ホムンクルス


  『ホムンクルス』は、“アンドロイド”と共に「人造人間」と訳されますが、この二者の間には「機械工学的製法による人造人間」と「化学的製法による人造人間」という決定的な違いがあります。
  しかし、「化学的製法」と一口に言っても実際にはかなりの程度差があるため、『ホムンクルス』という言葉自体かなり広範の意味で用いられます。
  ここで、『天衣詩抄』の世界において最もオーソドックスなホムンクルスの製法をご紹介します。

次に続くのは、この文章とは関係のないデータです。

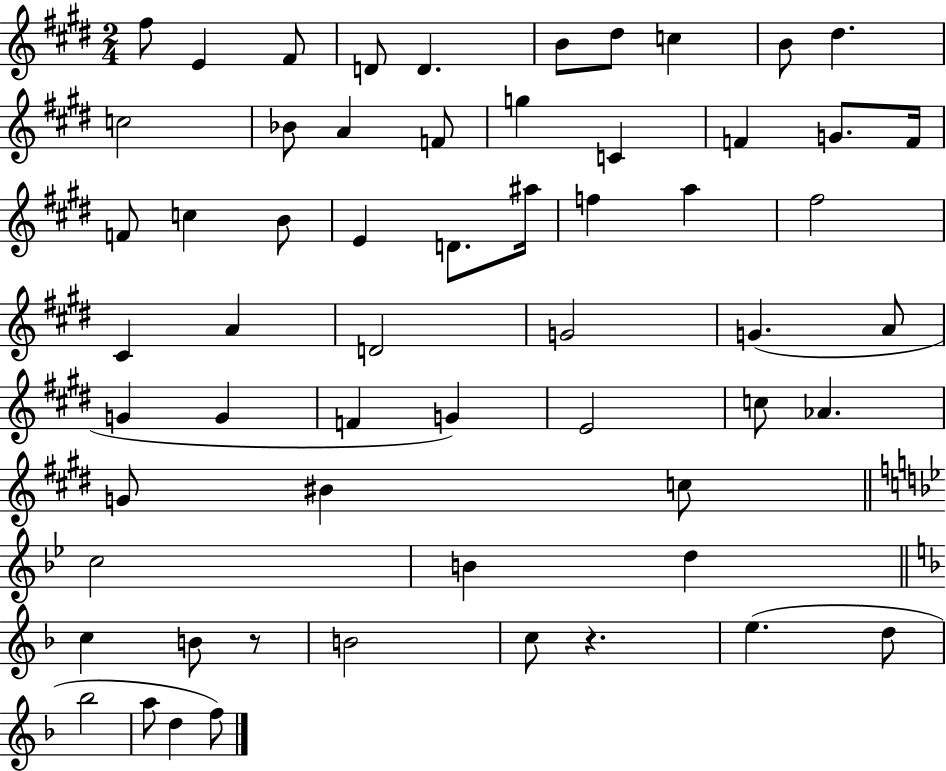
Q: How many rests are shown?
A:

  1. ある種の生きた細胞に化学的作用をくわえ、蒸留器の中に40日程度生かした状態で密封します。
  2. 1. の操作により、細胞は腐敗する部分と制動する部分とに分かれます。
  3. 最終的に、生動する部分は人間の形に似てきます。しかし、この状態ではまだ透明で実体も無いので、人間の血液で約40週間注意深く養います。特に温度管理には細心の注意をはらわなければなりません(馬の胎温程度)。
  4. こうして作られたホムンクルスは成長が無秩序なため、成年に達すると巨人になったり矮人になったりもします。

  この製法を用いれば、比較的容易にホムンクルスを製造することがいわれています。
  これに対して、現在模索されているのは「もっと純粋に化学的製法のみによって(つまり“細胞”を用いないで)ホムンクルスを作れないか?」です。こちらの方は、まだ信用に足る成功例は確認されていません。